ビヨンド・ミートなどから植物肉を調達し、メニューに取り入れる外食チェーンが米国で急増している(写真はイメージ)

ビヨンド・ミートなどから植物肉を調達し、メニューに取り入れる外食チェーンが米国で急増している(写真はイメージ)

植物由来の材料で作る「プラントベースドミート(植物肉)」の市場が急速に広がっている。8月に米バーガーキングが販売地域を全米に拡大、「ケンタッキーフライドチキン(KFC)」の運営企業も試験販売に乗りだした。健康や環境保護をうたって注目を集める植物肉はいまや、外食各社にとって若い顧客の開拓に欠かせない存在。米ビヨンド・ミートなど先行する新興企業に追随するため、大手の食肉・食品企業もこぞって参入し始めた。
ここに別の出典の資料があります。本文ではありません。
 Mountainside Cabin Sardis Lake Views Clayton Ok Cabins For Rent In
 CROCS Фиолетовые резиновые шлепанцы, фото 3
米サンフランシスコで5日に開かれた植物肉のシンポジウム。日本経済新聞の取材に応じたビヨンドのチャック・ムス最高成長責任者(CGO)は「新規株式公開(IPO)をしたことで植物肉に興味を示す人が一気に増えた。供給量を急ピッチで拡大する」と意気込んだ。

5月にナスダック市場に上場したビヨンドは植物肉市場をけん引する企業の筆頭格だ。5日時点の時価総額は97億ドル(約1兆円)。2019年の売上高予想は2億4千万ドルと、2年前(17年)と比べて7.4倍に急増する見込みだ。実際、ビヨンドのもとには、植物肉を供給してもらおうと多くの外食チェーンが日参している。

 

例えば7月には、ドーナツや軽食を扱う「ダンキン」の運営会社と提携した。ダンキンはニューヨーク市内の160店舗で植物肉パティを挟んだサンドイッチの販売を開始。米国内にある9400の店舗に段階的に広げる考えという。8月末にジョージア州アトランタの店舗で植物肉ナゲットの試験販売をしたKFCでは、およそ1週間分の在庫が5時間で売り切れる珍事も起きた。

一方、ハンバーガーチェーンで2位のバーガーキングはビヨンドの競合であるインポッシブル・フーズ(カリフォルニア州)と手を組んだ。一部の州での試験を経て、8月から全米にある7300の店舗で植物肉で作った「ワッパー」を扱い始めている。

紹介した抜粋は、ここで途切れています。